[GIVEN INFORMATION Boundary: Start]
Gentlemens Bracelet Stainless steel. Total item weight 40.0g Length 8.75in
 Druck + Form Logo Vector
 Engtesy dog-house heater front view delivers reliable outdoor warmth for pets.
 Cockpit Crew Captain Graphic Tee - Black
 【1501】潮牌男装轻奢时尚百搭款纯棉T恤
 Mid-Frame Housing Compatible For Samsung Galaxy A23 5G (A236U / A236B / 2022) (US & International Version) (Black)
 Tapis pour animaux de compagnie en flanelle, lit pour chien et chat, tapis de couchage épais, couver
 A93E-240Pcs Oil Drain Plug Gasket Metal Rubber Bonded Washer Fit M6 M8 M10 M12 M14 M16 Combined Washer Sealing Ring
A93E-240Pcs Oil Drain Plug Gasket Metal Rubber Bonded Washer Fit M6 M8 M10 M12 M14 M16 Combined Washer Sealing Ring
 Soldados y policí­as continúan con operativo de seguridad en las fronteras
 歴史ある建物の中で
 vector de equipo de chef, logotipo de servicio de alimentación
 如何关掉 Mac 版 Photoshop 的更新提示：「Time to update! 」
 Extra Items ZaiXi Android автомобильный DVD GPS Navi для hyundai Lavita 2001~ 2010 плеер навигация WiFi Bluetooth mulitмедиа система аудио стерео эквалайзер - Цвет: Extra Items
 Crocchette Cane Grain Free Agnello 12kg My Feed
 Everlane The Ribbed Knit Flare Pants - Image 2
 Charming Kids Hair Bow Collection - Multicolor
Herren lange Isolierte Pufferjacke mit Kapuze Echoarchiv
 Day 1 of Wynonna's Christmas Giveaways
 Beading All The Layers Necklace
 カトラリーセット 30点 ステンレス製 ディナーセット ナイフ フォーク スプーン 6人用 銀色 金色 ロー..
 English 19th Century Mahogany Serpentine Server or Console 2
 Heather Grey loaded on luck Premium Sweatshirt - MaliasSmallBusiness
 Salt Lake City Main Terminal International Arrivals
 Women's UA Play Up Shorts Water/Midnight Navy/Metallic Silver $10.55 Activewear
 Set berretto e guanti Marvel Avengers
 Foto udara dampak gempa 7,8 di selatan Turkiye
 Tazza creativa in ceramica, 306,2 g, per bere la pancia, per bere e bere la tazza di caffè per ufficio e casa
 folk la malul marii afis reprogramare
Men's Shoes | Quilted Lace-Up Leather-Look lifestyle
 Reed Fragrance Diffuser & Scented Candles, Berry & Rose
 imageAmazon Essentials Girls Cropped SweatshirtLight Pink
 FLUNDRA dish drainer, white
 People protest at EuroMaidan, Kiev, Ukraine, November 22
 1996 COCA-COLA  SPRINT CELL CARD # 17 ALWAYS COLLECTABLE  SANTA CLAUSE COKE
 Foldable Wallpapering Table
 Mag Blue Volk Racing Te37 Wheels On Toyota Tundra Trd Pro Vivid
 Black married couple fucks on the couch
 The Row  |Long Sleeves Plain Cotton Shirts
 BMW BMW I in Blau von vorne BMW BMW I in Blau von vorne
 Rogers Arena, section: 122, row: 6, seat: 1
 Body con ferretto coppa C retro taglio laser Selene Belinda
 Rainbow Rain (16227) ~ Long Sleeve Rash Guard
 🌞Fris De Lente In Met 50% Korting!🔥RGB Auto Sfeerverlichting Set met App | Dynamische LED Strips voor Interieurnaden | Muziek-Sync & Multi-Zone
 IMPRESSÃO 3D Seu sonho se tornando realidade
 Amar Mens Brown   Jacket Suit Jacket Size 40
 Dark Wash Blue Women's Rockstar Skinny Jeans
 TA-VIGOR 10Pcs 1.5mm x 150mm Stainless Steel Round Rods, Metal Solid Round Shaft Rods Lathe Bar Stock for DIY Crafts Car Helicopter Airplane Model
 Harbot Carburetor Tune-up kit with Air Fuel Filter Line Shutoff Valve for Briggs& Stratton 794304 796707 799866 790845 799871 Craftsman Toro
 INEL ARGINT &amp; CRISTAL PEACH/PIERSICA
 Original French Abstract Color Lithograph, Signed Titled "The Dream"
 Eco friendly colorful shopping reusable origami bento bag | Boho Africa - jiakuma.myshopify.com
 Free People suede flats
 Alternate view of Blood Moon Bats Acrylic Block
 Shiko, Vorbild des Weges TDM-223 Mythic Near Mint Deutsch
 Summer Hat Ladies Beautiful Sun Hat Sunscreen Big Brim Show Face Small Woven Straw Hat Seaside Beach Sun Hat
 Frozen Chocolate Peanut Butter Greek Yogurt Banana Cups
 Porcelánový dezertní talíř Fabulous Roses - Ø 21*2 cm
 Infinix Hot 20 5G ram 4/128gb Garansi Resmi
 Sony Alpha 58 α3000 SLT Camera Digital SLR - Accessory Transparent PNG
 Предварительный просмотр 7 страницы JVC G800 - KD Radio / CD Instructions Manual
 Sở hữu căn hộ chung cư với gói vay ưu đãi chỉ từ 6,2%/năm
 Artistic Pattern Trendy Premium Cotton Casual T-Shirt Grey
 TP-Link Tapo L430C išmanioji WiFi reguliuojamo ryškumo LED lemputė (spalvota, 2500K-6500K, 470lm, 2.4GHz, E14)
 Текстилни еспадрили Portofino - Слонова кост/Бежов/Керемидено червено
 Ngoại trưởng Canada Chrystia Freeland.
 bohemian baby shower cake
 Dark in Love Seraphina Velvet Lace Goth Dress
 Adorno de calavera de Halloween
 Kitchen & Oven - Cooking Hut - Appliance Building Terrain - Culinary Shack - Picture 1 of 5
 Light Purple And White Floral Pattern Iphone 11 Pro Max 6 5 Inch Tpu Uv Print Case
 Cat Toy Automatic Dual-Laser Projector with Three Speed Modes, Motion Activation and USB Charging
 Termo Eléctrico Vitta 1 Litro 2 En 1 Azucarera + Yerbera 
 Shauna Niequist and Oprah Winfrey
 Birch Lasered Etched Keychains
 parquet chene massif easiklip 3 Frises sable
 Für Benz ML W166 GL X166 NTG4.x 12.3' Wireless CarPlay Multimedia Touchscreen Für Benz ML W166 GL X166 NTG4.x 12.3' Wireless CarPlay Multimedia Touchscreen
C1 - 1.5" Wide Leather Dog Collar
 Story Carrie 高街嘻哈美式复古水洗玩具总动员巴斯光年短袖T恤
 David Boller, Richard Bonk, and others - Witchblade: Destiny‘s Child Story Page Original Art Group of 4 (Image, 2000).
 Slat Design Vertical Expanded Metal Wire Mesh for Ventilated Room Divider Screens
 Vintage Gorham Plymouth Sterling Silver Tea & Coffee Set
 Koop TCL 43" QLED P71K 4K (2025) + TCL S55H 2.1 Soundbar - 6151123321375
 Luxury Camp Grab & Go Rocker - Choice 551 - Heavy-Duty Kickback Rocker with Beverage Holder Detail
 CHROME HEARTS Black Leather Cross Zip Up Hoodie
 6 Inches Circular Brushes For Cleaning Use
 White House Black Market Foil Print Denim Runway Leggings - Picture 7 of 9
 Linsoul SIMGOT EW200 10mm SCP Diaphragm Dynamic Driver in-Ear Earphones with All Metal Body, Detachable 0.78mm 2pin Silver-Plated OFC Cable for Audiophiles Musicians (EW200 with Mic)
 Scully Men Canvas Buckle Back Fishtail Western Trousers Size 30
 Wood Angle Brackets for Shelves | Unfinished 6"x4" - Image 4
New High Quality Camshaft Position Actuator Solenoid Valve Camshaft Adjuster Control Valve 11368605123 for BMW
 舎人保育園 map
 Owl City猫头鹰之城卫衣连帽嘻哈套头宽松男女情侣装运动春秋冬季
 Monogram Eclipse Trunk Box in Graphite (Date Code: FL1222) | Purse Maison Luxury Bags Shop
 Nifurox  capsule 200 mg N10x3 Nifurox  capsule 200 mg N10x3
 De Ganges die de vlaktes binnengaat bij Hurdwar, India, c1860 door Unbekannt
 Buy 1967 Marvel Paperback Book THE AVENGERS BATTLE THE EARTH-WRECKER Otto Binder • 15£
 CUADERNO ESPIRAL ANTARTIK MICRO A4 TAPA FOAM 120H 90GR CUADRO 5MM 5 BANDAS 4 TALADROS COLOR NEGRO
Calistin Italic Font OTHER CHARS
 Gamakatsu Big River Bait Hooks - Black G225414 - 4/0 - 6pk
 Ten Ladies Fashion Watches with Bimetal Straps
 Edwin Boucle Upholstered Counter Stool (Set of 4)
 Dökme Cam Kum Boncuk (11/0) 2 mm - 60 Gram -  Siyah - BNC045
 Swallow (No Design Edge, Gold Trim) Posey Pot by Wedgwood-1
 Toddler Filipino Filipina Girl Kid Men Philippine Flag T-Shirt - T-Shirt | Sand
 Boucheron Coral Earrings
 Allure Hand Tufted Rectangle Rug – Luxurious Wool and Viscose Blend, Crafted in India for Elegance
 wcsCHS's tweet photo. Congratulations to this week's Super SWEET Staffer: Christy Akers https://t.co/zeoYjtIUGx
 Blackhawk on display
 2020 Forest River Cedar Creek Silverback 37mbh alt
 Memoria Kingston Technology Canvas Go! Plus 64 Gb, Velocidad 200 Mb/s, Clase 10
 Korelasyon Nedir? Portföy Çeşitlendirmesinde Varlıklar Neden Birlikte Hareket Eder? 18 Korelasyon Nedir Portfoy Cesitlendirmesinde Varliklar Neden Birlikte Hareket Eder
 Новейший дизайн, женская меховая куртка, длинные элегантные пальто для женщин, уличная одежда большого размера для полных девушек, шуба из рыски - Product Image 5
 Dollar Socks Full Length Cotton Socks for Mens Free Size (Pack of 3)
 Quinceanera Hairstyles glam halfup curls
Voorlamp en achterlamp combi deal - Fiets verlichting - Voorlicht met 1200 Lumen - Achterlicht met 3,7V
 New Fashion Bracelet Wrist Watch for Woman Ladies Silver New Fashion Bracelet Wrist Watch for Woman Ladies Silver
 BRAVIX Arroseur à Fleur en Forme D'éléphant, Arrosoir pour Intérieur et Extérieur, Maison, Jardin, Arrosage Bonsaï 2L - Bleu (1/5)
[GIVEN INFORMATION Boundary: End]
AIM OF THE TASK: Reproduce only this range: the first line of the data above through the line with "Mid-Frame Housing Compatible", both included, exactly as written.

TASK RESPONSE:
Gentlemens Bracelet Stainless steel. Total item weight 40.0g Length 8.75in
 Druck + Form Logo Vector
 Engtesy dog-house heater front view delivers reliable outdoor warmth for pets.
 Cockpit Crew Captain Graphic Tee - Black
 【1501】潮牌男装轻奢时尚百搭款纯棉T恤
 Mid-Frame Housing Compatible For Samsung Galaxy A23 5G (A236U / A236B / 2022) (US & International Version) (Black)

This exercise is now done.